(Items listed in a dataset)
........

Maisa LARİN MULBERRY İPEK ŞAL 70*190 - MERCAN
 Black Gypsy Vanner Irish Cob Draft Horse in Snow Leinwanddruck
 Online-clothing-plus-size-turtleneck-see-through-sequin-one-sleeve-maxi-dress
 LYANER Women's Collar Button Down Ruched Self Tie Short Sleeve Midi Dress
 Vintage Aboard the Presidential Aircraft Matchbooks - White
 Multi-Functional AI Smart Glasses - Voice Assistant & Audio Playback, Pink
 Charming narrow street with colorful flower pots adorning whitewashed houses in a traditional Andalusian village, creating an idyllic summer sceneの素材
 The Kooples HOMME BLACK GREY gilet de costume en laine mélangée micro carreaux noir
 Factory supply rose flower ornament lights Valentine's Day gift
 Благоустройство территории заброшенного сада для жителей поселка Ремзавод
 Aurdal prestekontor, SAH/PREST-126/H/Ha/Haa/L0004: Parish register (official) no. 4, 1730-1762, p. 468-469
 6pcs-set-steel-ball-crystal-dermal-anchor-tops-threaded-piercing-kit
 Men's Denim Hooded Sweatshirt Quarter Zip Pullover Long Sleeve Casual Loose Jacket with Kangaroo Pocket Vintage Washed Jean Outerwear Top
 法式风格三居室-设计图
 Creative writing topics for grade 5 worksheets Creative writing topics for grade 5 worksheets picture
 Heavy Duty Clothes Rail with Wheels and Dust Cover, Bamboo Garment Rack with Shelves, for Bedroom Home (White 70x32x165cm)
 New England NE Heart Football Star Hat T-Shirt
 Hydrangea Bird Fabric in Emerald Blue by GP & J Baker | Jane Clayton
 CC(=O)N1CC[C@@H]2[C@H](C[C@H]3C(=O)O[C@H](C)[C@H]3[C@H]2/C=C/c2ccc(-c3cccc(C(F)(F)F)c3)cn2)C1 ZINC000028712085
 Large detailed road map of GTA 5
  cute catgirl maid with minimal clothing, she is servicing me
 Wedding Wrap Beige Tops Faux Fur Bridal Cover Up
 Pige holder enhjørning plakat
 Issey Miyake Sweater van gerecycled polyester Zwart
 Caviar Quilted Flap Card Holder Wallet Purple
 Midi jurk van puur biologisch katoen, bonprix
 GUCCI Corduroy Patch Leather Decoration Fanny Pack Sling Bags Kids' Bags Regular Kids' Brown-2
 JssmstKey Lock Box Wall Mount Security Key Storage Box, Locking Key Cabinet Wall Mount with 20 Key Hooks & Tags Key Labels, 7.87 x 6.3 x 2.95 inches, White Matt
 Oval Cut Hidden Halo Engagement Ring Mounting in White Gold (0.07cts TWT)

........

TASK BRIEF:
Your response should be each line that includes the word "with", copied from the records.

EXPECTED ANSWER:
 Charming narrow street with colorful flower pots adorning whitewashed houses in a traditional Andalusian village, creating an idyllic summer sceneの素材
 Men's Denim Hooded Sweatshirt Quarter Zip Pullover Long Sleeve Casual Loose Jacket with Kangaroo Pocket Vintage Washed Jean Outerwear Top
 Heavy Duty Clothes Rail with Wheels and Dust Cover, Bamboo Garment Rack with Shelves, for Bedroom Home (White 70x32x165cm)
  cute catgirl maid with minimal clothing, she is servicing me
 JssmstKey Lock Box Wall Mount Security Key Storage Box, Locking Key Cabinet Wall Mount with 20 Key Hooks & Tags Key Labels, 7.87 x 6.3 x 2.95 inches, White Matt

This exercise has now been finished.